Last updated 7:42PM ET
December 11, 2017
KSUT Regional
KSUT Regional
New Cortez City Manager Takes Reins
(2007-09-17)
(ksut) - HOST LEAD: A new city manager takes the reins of government in Cortez today.
KSUT's Victor Locke reports.

VICTOR: The first actual day on the job as Cortez City Manager for 41-year old Jay Harrington was Thursday.
That was two days after Cortez City Councilors formally approved him to succeed Hal Shepherd, who is relinquishing the manager's post after eight years.
Harrington says Shepherd, whose last day on the job was Friday, is leaving him in good shape as far as the city is concerned.
HARRINGTON: FROM THE CITY GOVERNANCE PERSPECTIVE, IT'S GOT A STRONG STAFF AND IT'S ON GOOD FINANCIAL FOOTING, AND A RELATIVELY GOOD LEVEL OF POLITICAL STABILITY FOR THE AREA, SO, YOU KNOW, I THINK IT'S ON VERY GOOD STANDING, IT'S JUST HOW TO MAINTAIN THAT AND PUSH IT TO THE NEXT LEVEL.
Harrington will earn 90-thousand dollars per year as Cortez city manager.
He's not new to the area, having served as La Plata County Senior Planner prior to stints as city manager in Pagosa Springs and Telluride.
HARRINGTON: I'VE BEEN A MANAGER, GOSH, FOR QUITE A BIT, THIRTEEN PLUS YEARS AS A TOWN MANAGER JUST IN THE SOUTHWEST OF COLORADO SO WORKING HERE KIND OF FITS INTO THAT. I'VE SURROUNDED CORTEZ BETWEEN DURANGO, PAGOSA AND TELLURIDE SO IT'S KIND OF A LOGICAL NEXT STEP FOR US.
Though he's still surveying the landscape, Harrington says some issues Cortez faces are already obvious.

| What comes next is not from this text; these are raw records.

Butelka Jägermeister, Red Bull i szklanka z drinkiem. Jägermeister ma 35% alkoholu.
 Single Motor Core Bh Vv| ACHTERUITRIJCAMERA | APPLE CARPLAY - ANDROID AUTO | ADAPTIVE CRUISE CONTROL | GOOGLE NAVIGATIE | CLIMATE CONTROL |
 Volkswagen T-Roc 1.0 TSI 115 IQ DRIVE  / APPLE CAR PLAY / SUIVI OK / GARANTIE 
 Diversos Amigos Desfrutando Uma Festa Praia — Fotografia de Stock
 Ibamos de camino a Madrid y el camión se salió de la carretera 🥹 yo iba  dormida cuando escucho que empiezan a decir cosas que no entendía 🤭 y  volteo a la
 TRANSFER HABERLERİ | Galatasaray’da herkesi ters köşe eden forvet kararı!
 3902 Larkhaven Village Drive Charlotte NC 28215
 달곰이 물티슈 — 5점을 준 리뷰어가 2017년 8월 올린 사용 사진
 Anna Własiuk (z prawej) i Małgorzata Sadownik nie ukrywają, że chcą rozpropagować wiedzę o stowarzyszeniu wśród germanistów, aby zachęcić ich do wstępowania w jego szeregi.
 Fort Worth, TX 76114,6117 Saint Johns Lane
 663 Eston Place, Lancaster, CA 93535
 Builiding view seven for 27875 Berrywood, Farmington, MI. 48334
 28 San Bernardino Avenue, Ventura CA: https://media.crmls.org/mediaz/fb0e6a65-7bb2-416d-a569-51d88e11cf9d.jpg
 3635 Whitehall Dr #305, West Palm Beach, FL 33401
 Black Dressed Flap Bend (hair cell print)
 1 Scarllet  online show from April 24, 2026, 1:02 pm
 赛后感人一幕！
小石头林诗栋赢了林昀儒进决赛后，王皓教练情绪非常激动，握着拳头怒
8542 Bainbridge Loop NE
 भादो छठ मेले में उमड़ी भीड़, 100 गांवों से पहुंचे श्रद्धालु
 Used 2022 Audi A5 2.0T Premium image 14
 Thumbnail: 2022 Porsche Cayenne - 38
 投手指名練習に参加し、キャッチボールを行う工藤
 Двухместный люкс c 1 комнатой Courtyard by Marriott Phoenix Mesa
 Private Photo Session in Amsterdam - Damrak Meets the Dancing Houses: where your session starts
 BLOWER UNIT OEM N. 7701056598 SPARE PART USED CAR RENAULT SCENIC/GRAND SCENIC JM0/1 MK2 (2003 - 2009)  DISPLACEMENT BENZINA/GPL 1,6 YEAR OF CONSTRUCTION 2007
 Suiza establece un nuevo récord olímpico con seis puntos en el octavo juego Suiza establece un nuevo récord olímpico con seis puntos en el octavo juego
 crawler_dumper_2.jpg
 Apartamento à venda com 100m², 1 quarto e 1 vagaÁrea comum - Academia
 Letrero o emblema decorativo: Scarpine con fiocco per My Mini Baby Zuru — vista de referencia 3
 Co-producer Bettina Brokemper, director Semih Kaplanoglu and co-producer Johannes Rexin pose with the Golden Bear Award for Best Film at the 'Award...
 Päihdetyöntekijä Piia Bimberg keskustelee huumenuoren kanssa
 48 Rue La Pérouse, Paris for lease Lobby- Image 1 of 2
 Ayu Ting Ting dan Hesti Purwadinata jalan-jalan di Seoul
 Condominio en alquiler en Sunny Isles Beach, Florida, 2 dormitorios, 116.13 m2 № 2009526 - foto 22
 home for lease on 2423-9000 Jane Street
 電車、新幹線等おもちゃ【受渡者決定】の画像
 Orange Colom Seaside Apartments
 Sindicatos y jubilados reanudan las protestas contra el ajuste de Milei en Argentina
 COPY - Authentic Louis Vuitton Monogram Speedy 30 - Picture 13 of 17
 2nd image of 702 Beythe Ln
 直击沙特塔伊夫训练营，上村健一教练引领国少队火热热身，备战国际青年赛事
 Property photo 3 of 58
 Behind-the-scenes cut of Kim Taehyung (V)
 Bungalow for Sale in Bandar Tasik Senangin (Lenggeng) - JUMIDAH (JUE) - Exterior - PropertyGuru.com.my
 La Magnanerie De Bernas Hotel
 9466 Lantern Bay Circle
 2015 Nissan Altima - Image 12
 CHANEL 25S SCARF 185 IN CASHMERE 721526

HARRINGTON: ECONOMIC DEVELOPMENT AND MAIN STREET ISSUES RE BIG ONES FOR THE COMMUNITY. WE ARE STARTING TO GROW A LITTLE BIT TOO AND HOW TO DEAL WITH SOME OF THOSE ISSUES AS THE REST OF THE SOUTHWEST HAS BEEN OVER THE LAST DECADE.
Harrington says air quality issues, especially as they pertain to energy production in the region and the proposed Desert Rock Power plant will also be significant for Southwest Colorado.
For now, Harrington says he's ready to "get going."
Meanwhile, another candidate for the Cortez job apparently has landed a similar post elsewhere.
According to published reports, former La Plata County Manager Michael Scannell was one of three finalists for the Camp Verde, Arizona town manager's post, and was formally selected during a special city council meeting Friday afternoon.
Camp Verde is located 40-miles South of Flagstaff, just off I-17, with a 2004 population estimated at just over 10-thousand.
Scannell resigned his job with La Plata County effective September 4th.
The new position moves him closer to family in Arizona.
The search for a new Durango City Manager has also passed a milestone.
Friday was the deadline for those interested, to apply to an executive search firm hired to help find a replacement for Bob Ledger, who resigned after 24 years, earlier this year.
That firm will screen applicants and whittle down the list to the most qualified.
Durango City Councilors will then select finalists for the job, who are expected to visit Durango in mid October for interviews, tours, and community meetings.
A final decision isn't expected until early November.
From KSUT Four Corners Public Radio, I'm Victor Locke.